# RayPak



## lpayne1234 (Sep 20, 2008)

Raypak boiler
Mod # H3-0624 
ser 6 0305208360
627,000 Btu input boiler for our H/Water in one of the dorms where I work. I can't find any info on it. Manual or troubleshooting charts. Also I do not have alot of experence with boilers, so any help or even some books, reading material would be appreaciated.

thanks larry


----------



## njoy plumbing (May 19, 2009)

Whats wrong with it?


----------



## ZL700 (Dec 8, 2009)

http://www.raypak.com/jumpComm.cfm?target=FTP_View.cfm?FTP_MainCategory=C


Click on:
*»* 2000.50AF
and
9300.84http://www.raypak.com/jumpComm.cfm?target=FTP_View.cfm?FTP_MainCategory=C


----------



## lpayne1234 (Sep 20, 2008)

njoy plumbing said:


> Whats wrong with it?


I can reset the limit switch, it will fire up, then sometimes during the day the reset will kick out again.


----------



## njoy plumbing (May 19, 2009)

lpayne1234 said:


> I can reset the limit switch, it will fire up, then sometimes during the day the reset will kick out again.

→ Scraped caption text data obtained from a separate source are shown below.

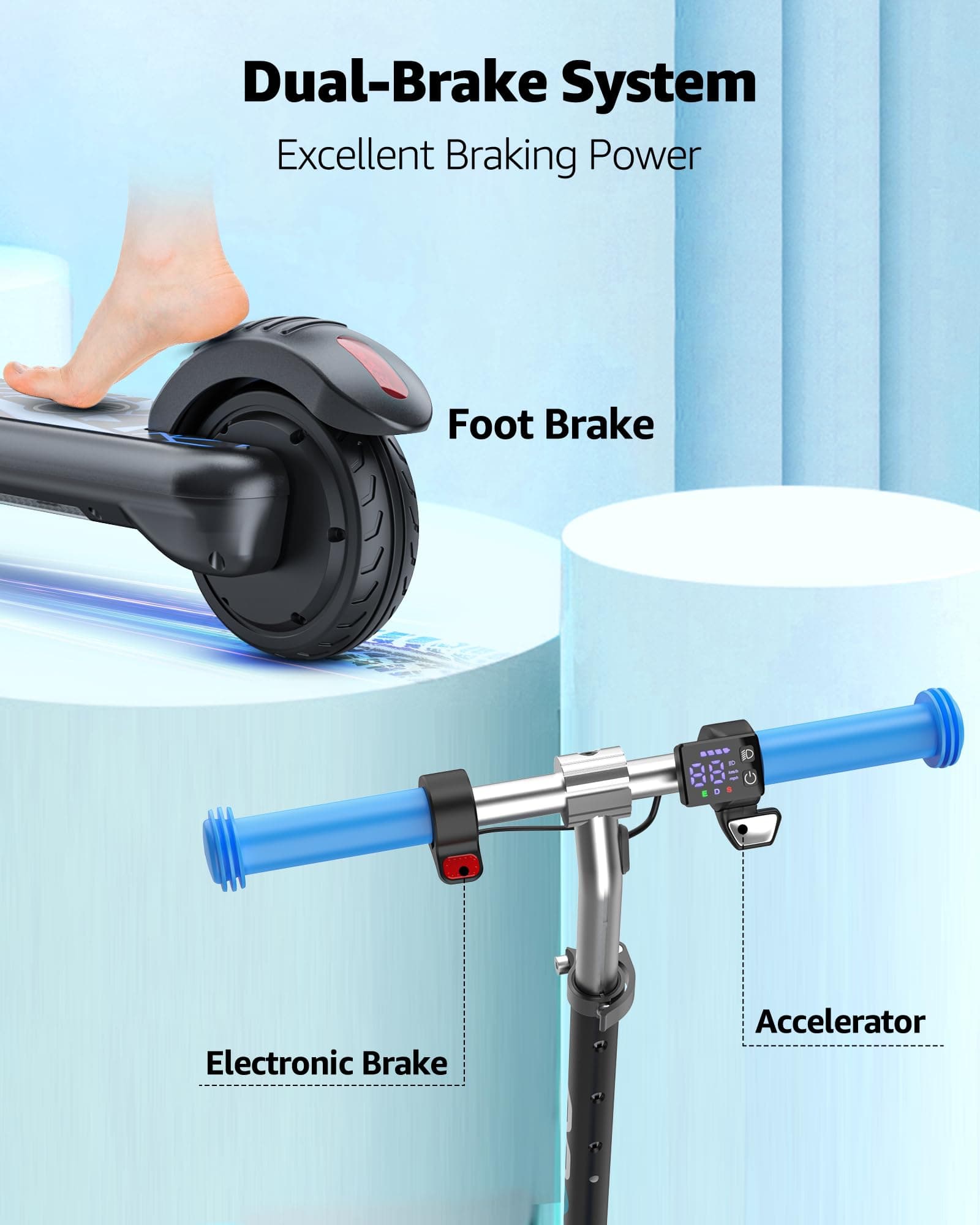 Gyroor Electric Scooter for Kids, E-Throttle 150W Motor LED Display, H30Max-Blue, view 3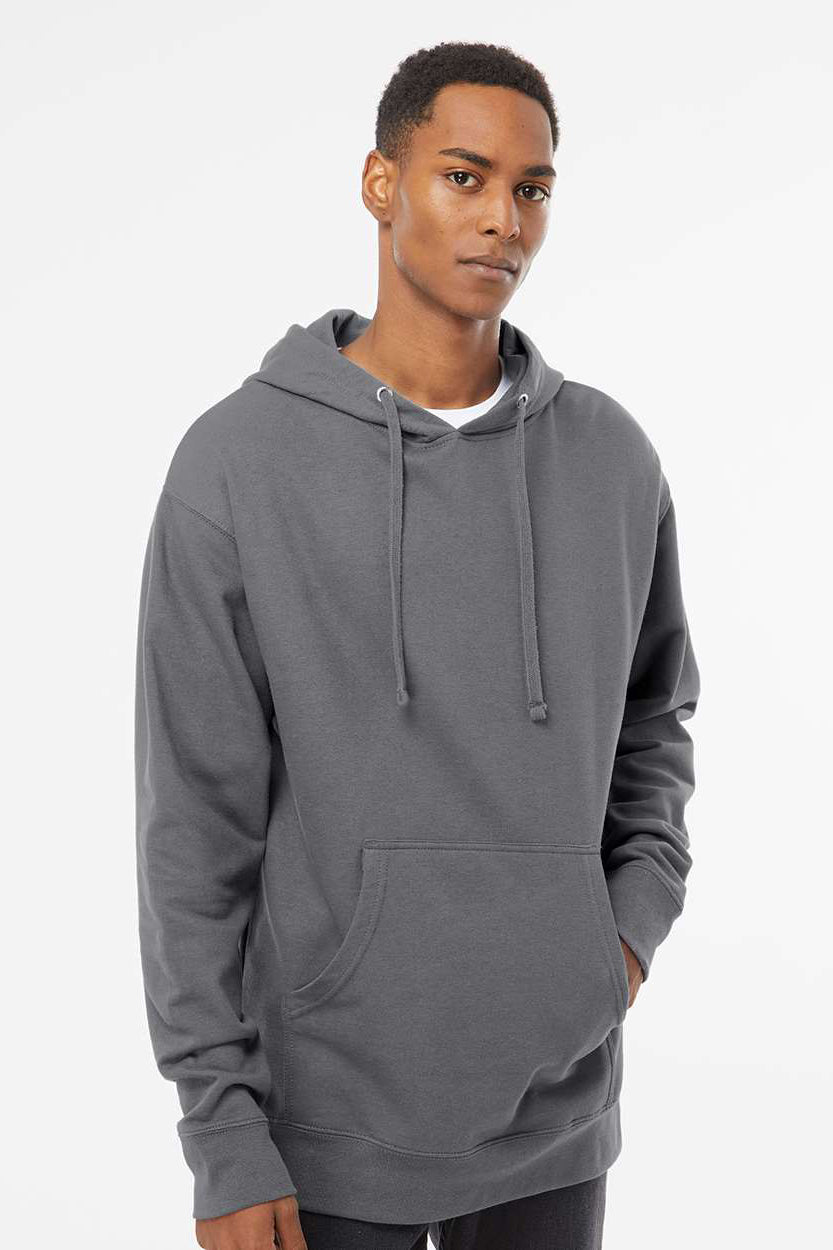 Independent Trading Company SS4500 Mens Hooded Sweatshirt Hoodie w/ Pouch Pocket Charcoal Grey Model Front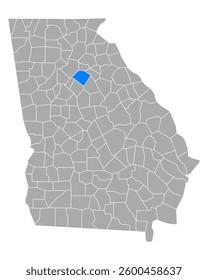 Map of Walton in Georgia on white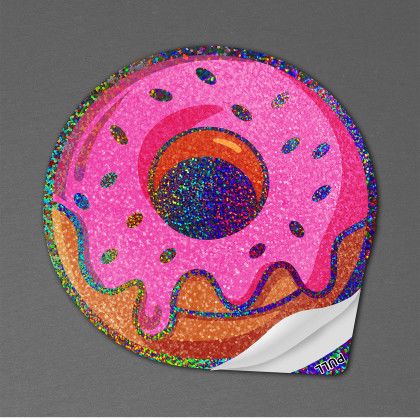 Custom 5" x 5" Vinyl Die Cut Glitter Sticker with pull tab 6 mil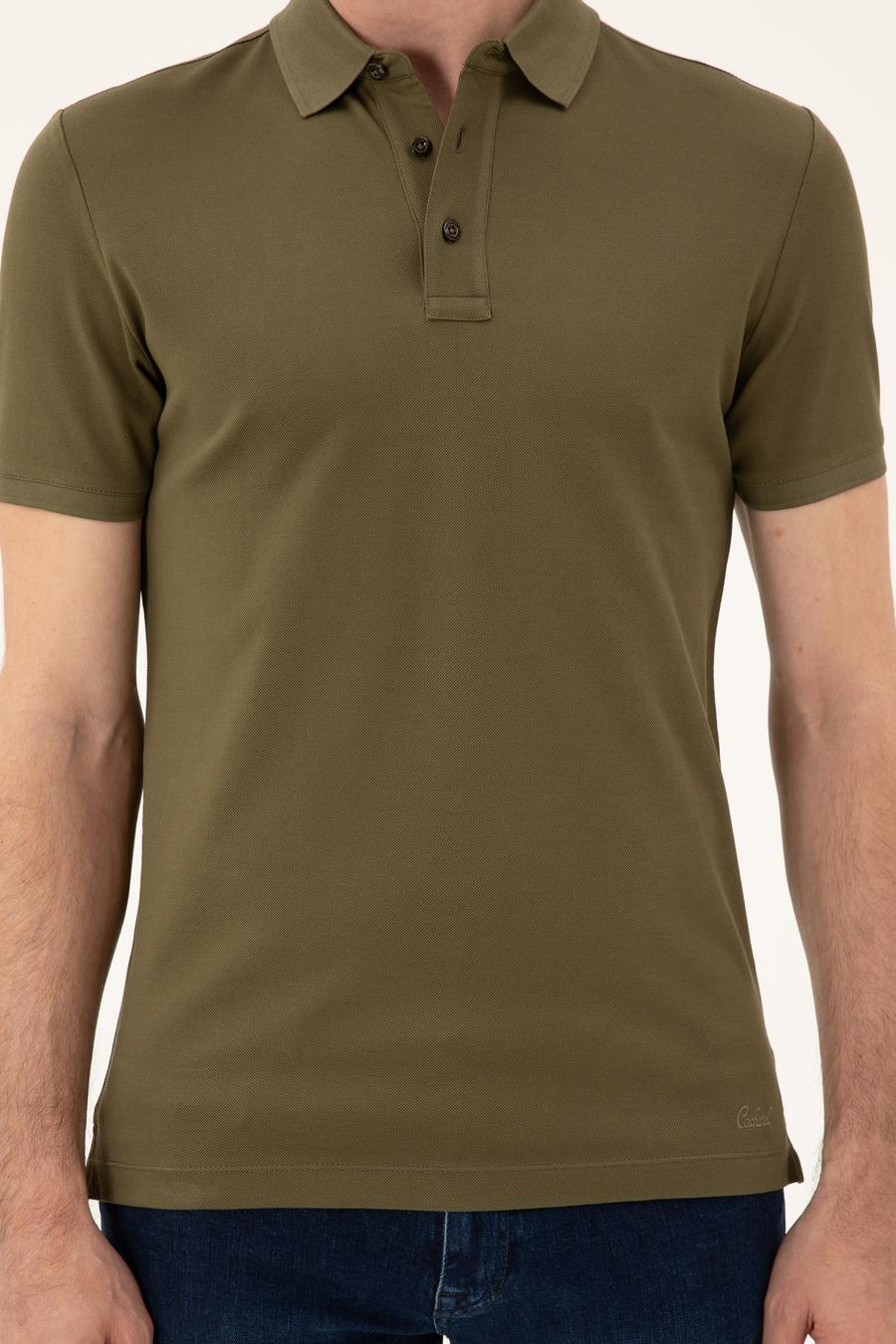 Haki Slim Fit Polo Yaka Merserize T-shirt - 50284772039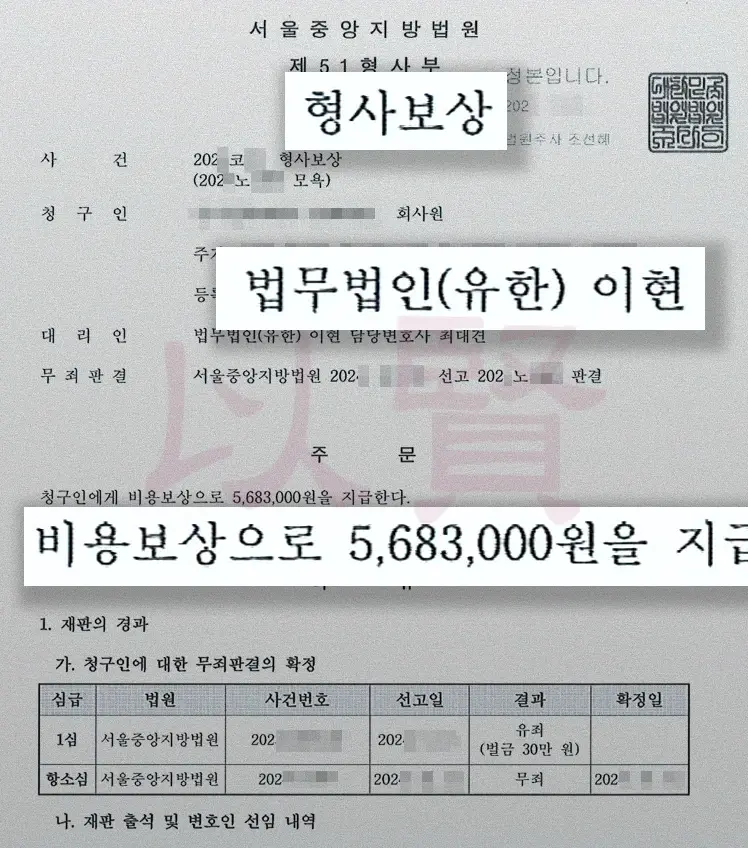 악플 고소 항소심 무죄 후 형사보상금 지급 결정문
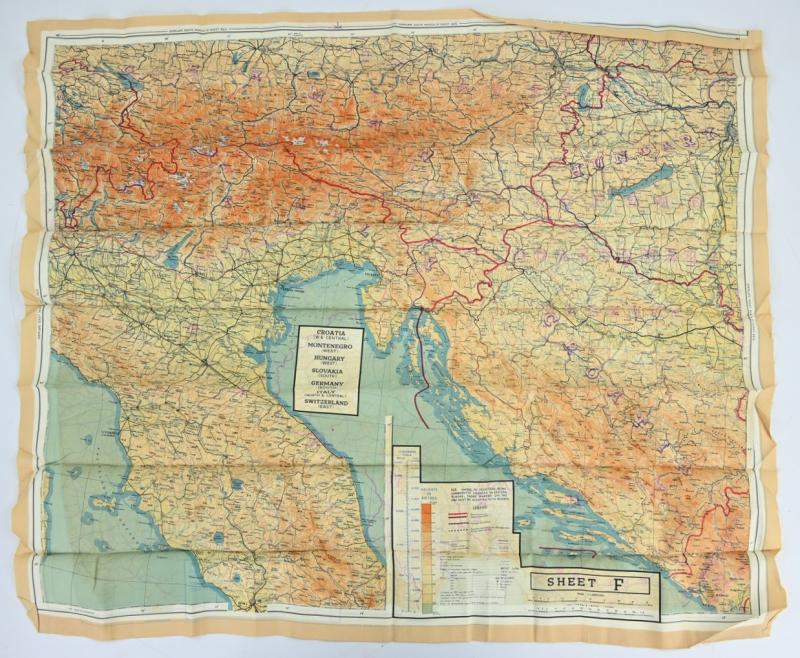 USAAF WW2 Pilot Escape Map 43E/F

Flow issues, not getting rid of heat. ??? No call for heat and wild loop does not get rid of heat.??? How old is system? What kind of maintenance history do u have?


----------



## ZL700 (Dec 8, 2009)

lpayne1234 said:


> I can reset the limit switch, it will fire up, then sometimes during the day the reset will kick out again.


 
Which reset limit, over burner, on header or at the vent?


----------



## lpayne1234 (Sep 20, 2008)

1-I have only been there a year, but it has had no PM, I will bet a payday on it. also it has been there awhile, there is another one down in boiler room across from it , it has been stripped of all working parts.  
2-over burner.

I downloaded the manuel, I will go through it tomorrow.


----------



## ZL700 (Dec 8, 2009)

You should be looking for improper gas manifold pressure, plugged heat exchanger, missing burner cover plate, failing or improper circulator flow, insufficient draft, lack of combustion air, bad switch to get started


----------



## lpayne1234 (Sep 20, 2008)

thanks guys, I will post results. Did not get to it today.


----------



## lpayne1234 (Sep 20, 2008)

I put a auto reset on the aquastat and it solved the problem. Been running fine for nearly a month. :thumbsup:


----------



## ZL700 (Dec 8, 2009)

lpayne1234 said:


> I put a auto reset on the aquastat and it solved the problem. Been running fine for nearly a month. :thumbsup:


:thumbdown: Replacing a manual reset limit with one that resets is not a fix, and the potential problem is still there, unless it was determined properly that the switch was defective.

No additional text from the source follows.